Living conditions and the environment played a key role in ancient Chinese society, just as they did in the river-basin cultures of Mesopotamia, Egypt, and Harappa. In the river basins of China, abundant food and widely dispersed communities encouraged the development of localized agrarian cultures. Complex cities would come later. Also contributing to their different development were a lack of easily domesticated animals and plants and an abundance of geographical barriers. Geography isolated China, for the Himalaya Mountains and the Taklamakan and Gobi Deserts prevented large-scale migrations between East Asia and central Asia and hindered the diffusion of cultural breakthroughs occurring elsewhere in Afro-Eurasia.

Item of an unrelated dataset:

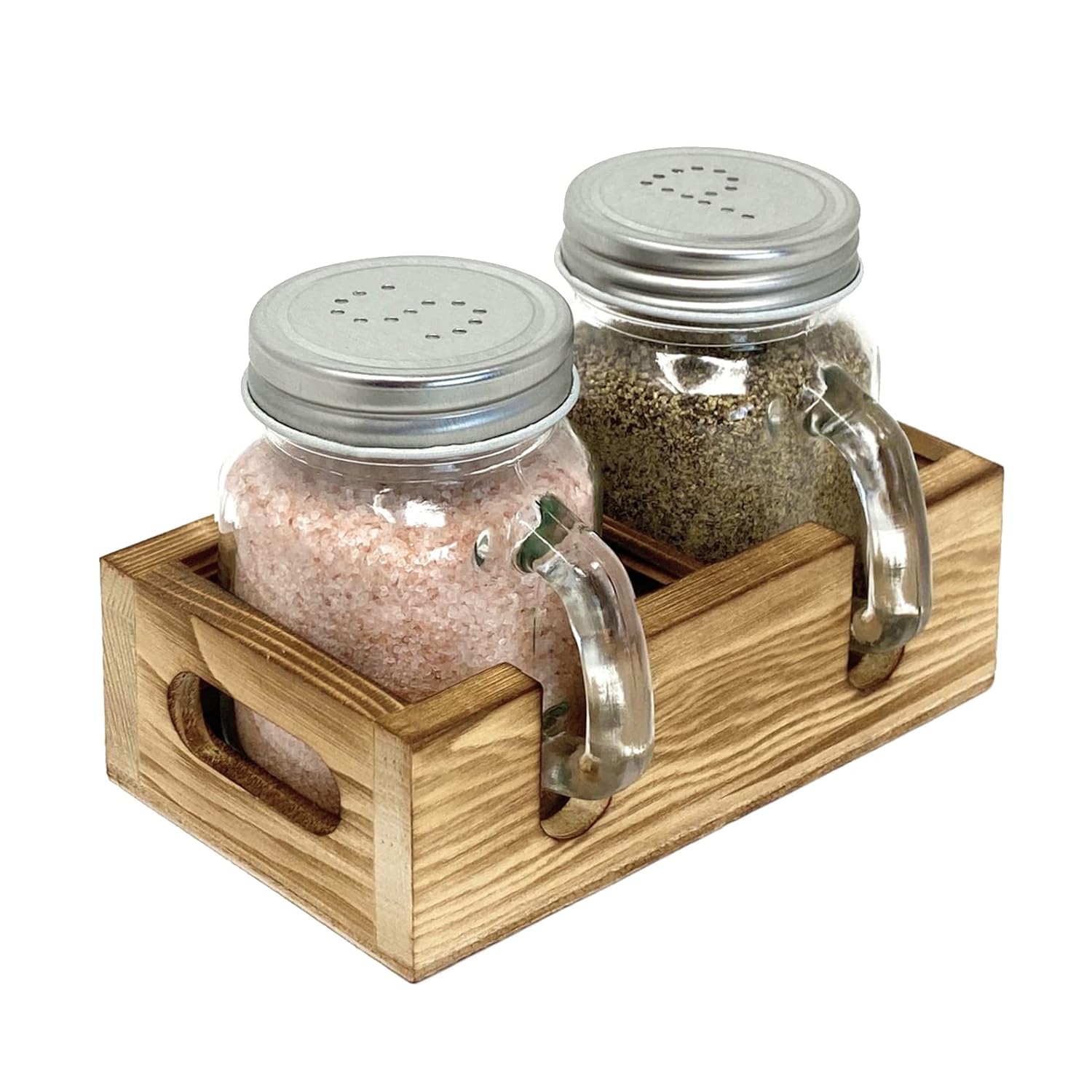Mason Jar Salt and Pepper Shakers - Glass Shaker Set with Wood Holder Caddy Easy to Clean Refill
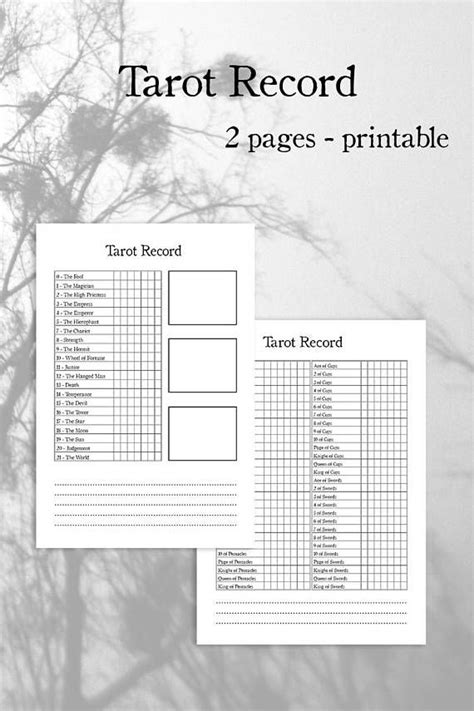 Tarot Planner Printable Tarot Journal Tarot Record A Letter Tarot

From Yangshao to Longshan Culture
China’s classical histories have claimed that China’s cultural traditions originated in the Central Plains of the Yellow River basin and spread outward to less developed regions inside and even beyond mainland China. This location, seen by many as the birthplace of China’s imperial traditions, was thought to have exercised a civilizing influence on these other communities. These histories place the beginnings of Chinese culture at the Xia dynasty, dating from 2200 BCE. Archaeological studies of river-basin environments in East Asia tell a different story, however. Whether or not the Xia existed as a historical dynasty, archaeological evidence suggests that our study of the Yellow River basin and Yangzi delta should begin earlier—in the two millennia from 4000 to 2000 BCE.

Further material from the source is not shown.